Whether SOS Serra d’Arga will be successful remains to be seen, but their initiative comes as one of the greatest authorities on lithium reserves in Portugal, university professor Carlos Leal Gomes told a debate in Viana do Castelo which ran into the early hours of this morning there is seriously “not enough” lithium in Serra d’Arga to interest large investors.
Mr Leal’s actual words were: “Large companies will have no interest in this situation. Small prospecting companies may appear, which have no vocation for mining but which may be hoping to benefit from project transactions…”
This is not the ideal, he stressed, reinforcing the idea that extracting lithium from the Serra will be “a lot of work” for little gain.
The meeting also heard from Mário Machado Leite, of the national laboratory of energy and geology, who explained where this process is ‘going wrong’.
“When the (government’s) lithium group says there are eight areas in the country where lithium exists, the whole country believed we were going to have nine lithium mines, or more. This is not possible.
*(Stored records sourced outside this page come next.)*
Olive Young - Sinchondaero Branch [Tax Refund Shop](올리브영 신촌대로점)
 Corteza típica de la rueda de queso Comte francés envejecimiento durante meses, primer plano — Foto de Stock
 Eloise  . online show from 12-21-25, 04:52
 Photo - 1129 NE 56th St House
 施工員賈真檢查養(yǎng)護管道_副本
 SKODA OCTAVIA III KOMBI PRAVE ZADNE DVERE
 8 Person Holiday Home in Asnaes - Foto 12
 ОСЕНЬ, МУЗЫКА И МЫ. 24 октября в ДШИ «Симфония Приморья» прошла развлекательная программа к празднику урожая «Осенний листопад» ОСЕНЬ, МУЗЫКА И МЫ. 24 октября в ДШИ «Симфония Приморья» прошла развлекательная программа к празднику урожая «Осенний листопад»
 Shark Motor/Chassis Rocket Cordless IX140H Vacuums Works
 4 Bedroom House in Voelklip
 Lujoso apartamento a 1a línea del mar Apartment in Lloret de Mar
If we have one mine, we will probably be successful…”
The issue is that the lithium that exists in Portugal “is in hard minerals, and needs to be diluted to enter the manufacturing process of lithium compounds that are used in batteries” (for electric vehicles, among many other things).
Exploration of lithium from hard minerals “is four to five times more expensive, for each unit of lithium produced, than lithium from brine”, he explained. “Portugal does not have any brine. The large brine reserves exist in South America and in Australia”.
In Machado Leite’s expert opinion, Serra d’Arga is not a good prospect in terms of “worldwide competition” for the extraction and production of lithium.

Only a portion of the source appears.